Instructions to follow: Your answer must be the data repeated exactly, with no pictures in it.

Information provided:
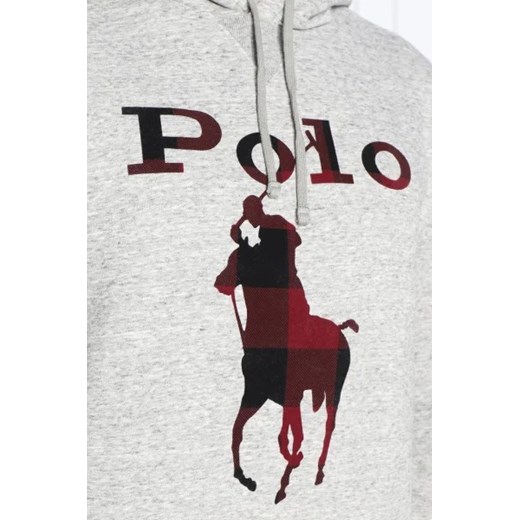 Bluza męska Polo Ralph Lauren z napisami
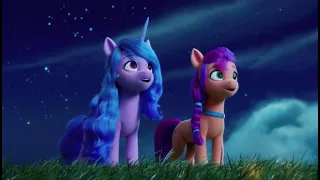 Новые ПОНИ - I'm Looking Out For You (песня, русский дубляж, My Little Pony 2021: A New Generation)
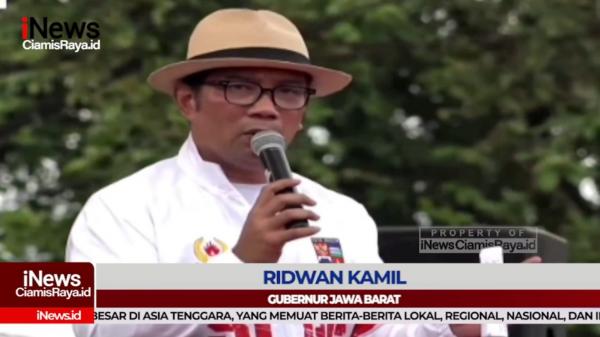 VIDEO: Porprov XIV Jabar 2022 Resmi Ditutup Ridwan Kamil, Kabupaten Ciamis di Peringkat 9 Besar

Your response:
 Bluza męska Polo Ralph Lauren z napisami
 Новые ПОНИ - I'm Looking Out For You (песня, русский дубляж, My Little Pony 2021: A New Generation)
 VIDEO: Porprov XIV Jabar 2022 Resmi Ditutup Ridwan Kamil, Kabupaten Ciamis di Peringkat 9 Besar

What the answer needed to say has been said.